▶ SUPPLIED MATERIAL:

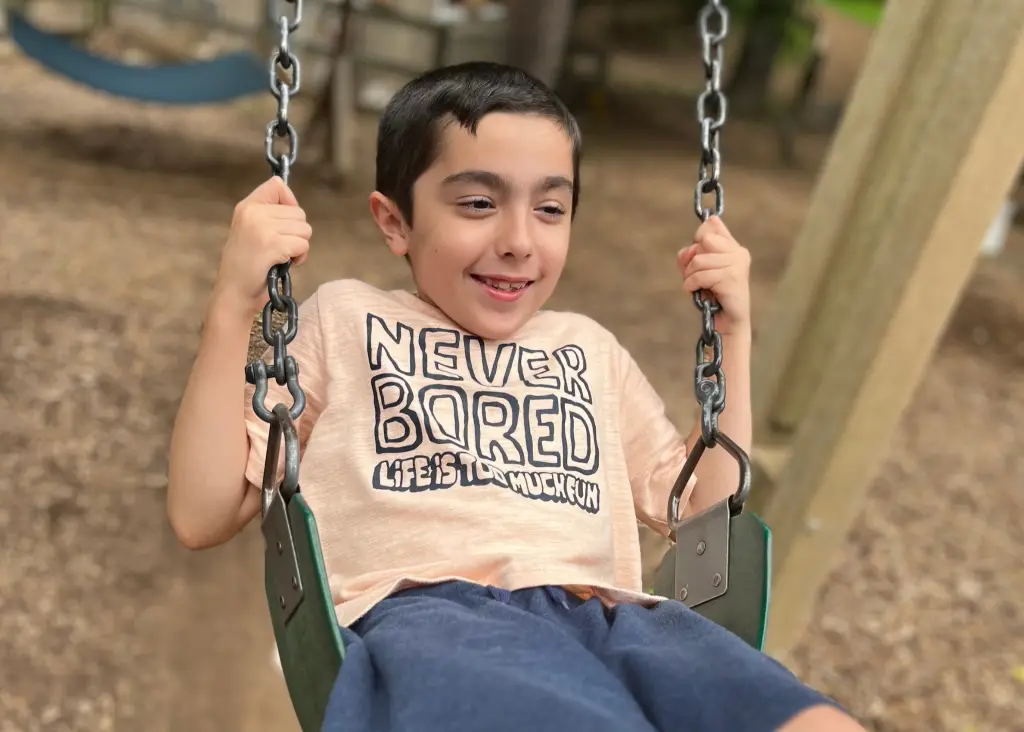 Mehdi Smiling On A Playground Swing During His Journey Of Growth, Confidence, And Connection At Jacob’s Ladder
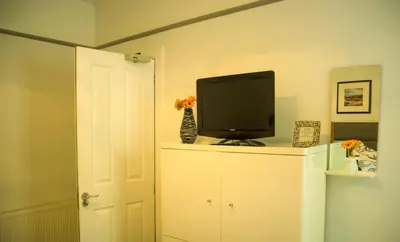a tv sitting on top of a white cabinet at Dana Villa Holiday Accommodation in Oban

--

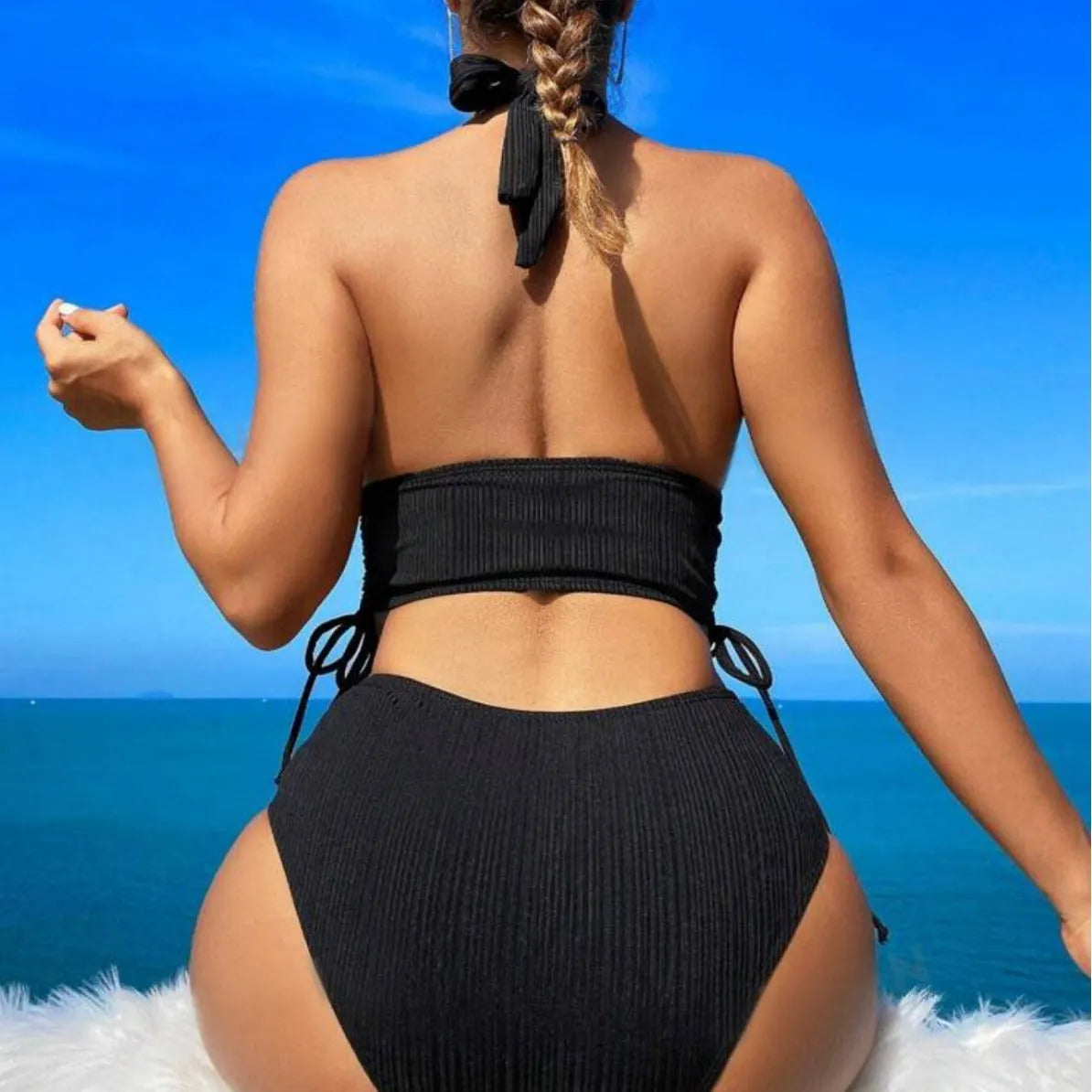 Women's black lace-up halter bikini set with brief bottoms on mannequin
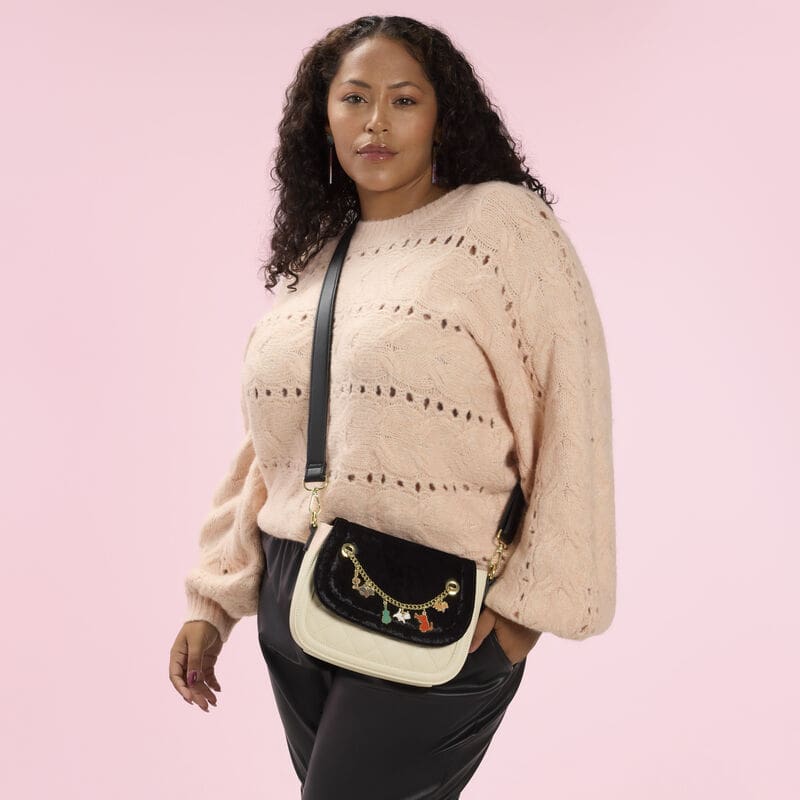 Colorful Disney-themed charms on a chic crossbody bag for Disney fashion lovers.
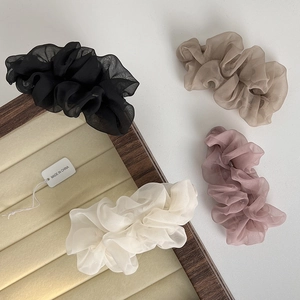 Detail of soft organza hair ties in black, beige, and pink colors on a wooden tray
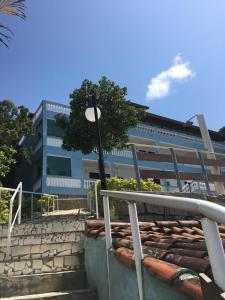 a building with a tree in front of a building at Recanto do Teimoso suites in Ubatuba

---

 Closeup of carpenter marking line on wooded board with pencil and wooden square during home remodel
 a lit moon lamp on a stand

▶ WORK TO BE COMPLETED:
Your answer must be the exact lines from the records above, from the one containing "Mehdi Smiling On" through the one containing "a tv sitting", both included, with every picture left out.

▶ EXERCISE ANSWER:
 Mehdi Smiling On A Playground Swing During His Journey Of Growth, Confidence, And Connection At Jacob’s Ladder
a tv sitting on top of a white cabinet at Dana Villa Holiday Accommodation in Oban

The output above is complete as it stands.